Katrin Leitner
Neo-Geo_cognitive drifts
Installation, FRIDERICIANUM, 2016
Als Alexander von Humboldt die Welt bereiste, war sein Interesse, die Welt zu
vermessen und eine sachlich erforschte und empirisch begründete Geografie
zu schreiben. Katrin Leitner knipst das Licht der sicheren Verortung wieder
aus und zeichnet ein kartografisches Netz auf den Boden, das sich an der
Theorie über die physikalische „Raum-Zeitkrümmung“ von Albert Einstein
orientiert. Im verdunkelten Raum ohne Horizont wird der Boden, auf dem
wir stehen, wieder relativ, d.h. unsicher, denn das WAuge liefert eine andere
Information als das körperliche Gefühl der Schwerkraft, besonders in Bewegung.
Gleichzeitig haben wir den Eindruck, wir stünden auf einem Globus
– und sind wieder einer Science Fiction ausgesetzt, wie sie lange die Welt vor
Humboldt (wissenschaftlich) beherrscht hat.
Neben uns sind seltsame Objekte gelandet, Skulpturen, die wie Raumfahrzeuge
und Raumstationen anmuten. Ihre materiale Künstlichkeit wie ihre Formen
lassen auf eine hybride Welt schließen, in der Natur und Architektur in einer
komplexen Collage eine seltsame Liaison eingegangen sind. Ihre illusionäre
Kraft entwickeln sie aber nicht in ihrer Größe und Tatsächlichkeit sondern in
ihrer Lebendigkeit.
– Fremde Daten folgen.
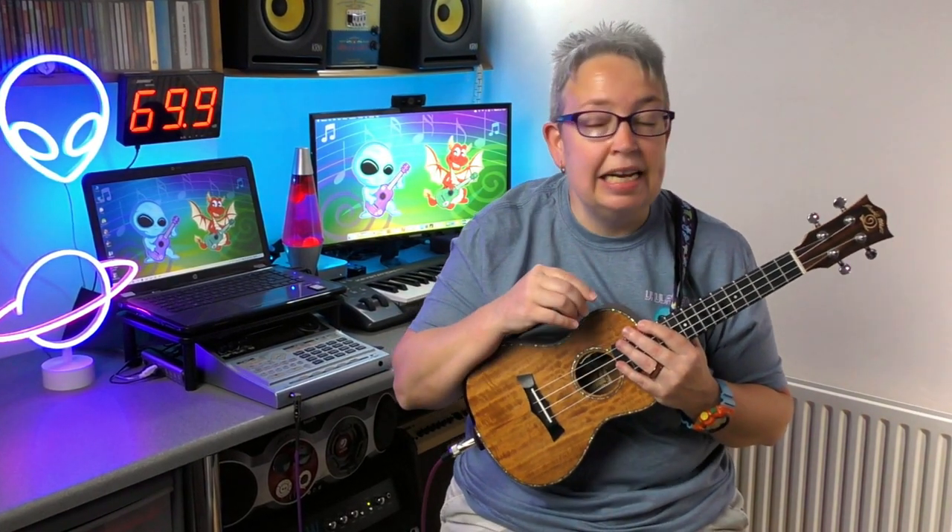Some easy ukulele riffs today. I'm going to look at a few more easy ukulele riffs. I've already done one tutorial on tabs looking at easy ukulele riffs and showing how to read tab. If you don't know how to read tab, I'll put a link above and in the description. But I have done a really easy tutorial for beginners on how to read ukulele tab. So, five more easy-ish ukulele tabs today.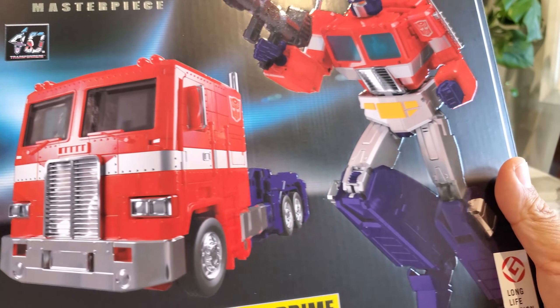The last accessory is the Matrix of Leadership. I don't think it opens — I'm not going to force it — but it feels really nice in hand. I believe it's die-cast. It's got nice metal handles, blue on the inside, and orange that's all nice and glistening. This is a really nice piece.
Als Modelle reizen sie die Fantasie, lassen Pflanzen, Wohntürme,
Fahrzeuge, Haushaltgegenstände, u.a.m. entstehen. Lässt man sich ein,
kann man spannende und auch spaßige Reisen durchleben, die allerdings keine
lineare Zeit kennen, auch keine festgelegte Richtung haben, sondern ständig
die Ebenen, die Welten wechseln. Man kommt ins „driften“.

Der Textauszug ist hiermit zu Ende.